Un roboticien hackeur amateur de théâtre neuro-contrôlé, des empreintes neuronales, des taux d’alcoolémie qui s’affichent en rouge sur les avant-bras, des systèmes permettant de mesurer en permanence et en instantané les taux de neuromédiateurs cérébraux comme la dopamine et la sérotonine, des nano-robots capables d’effacer les souvenirs, des caméras miniatures jetant en permanence tout évènement, aussi insignifiant soit-il, en pâture aux réseaux sociaux, autant d’éléments à la base de ce techno-thriller qui malgré sa quasi-contemporanéité s’inscrit également dans les courants biopunk et cyberpunk. Un futur limpide, des lendemains qui chantent et aussitôt déchantent étouffés par les algorithmes et leurs prédictions – un petit goût, donc, du Minority Report de Steven Spielberg, lui-même inspiré de la nouvelle éponyme de Philip K. Dick. Mais ce Symposium Inc., dans ses questionnements, va plus loin, plus loin également que le Gun Machine de Warren Ellis qui questionnait la culpabilité en fonction de l’état chimique du cerveau. Plus loin, parce qu’il interroge les notions de déterminisme et de libre arbitre, de manipulations des foules comme de manipulation de l’individu, de l’influence des progrès technologiques sur nos façons de réagir et de penser, et bien d’autres éléments encore. En même temps thriller et œuvre d’anticipation, Symposium Inc.. interroge notre monde et son devenir, et pousse à réfléchir à notre propre et proche futur.
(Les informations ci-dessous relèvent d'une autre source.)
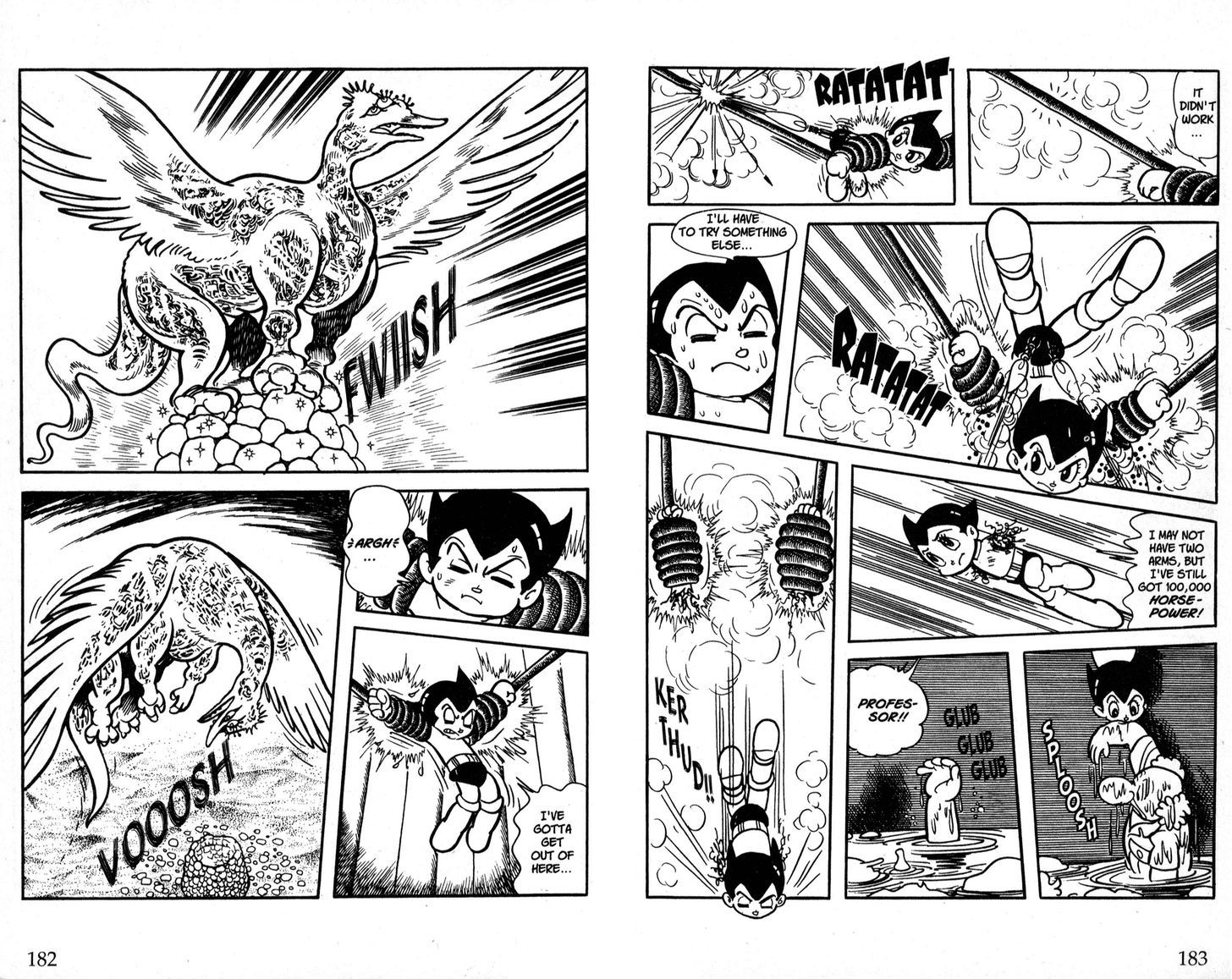 Astro Boy Chapter 98 page 14 - Chapter 98 : The Silver Tower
Sous un format idéal pour ceux que les pavés rebutent, ce Symposium Inc. en dit plus en moins de deux cents pages que bien des romans à rallonge. Rythmé et facile à lire, il donne néanmoins à réfléchir, non pas plutôt deux fois qu’une, mais sans cesse et sur bon nombre de thématiques qui nous concernent tous. Novella en équilibre sur la crête de l’onde qui parcourt notre monde – celle du présent en train de basculer vers le futur – Symposium Inc. est pour Olivier Caruso une belle entrée dans le monde du roman court. Une réussite, et un auteur qu’on espère revoir dans la collection Une heure-lumière.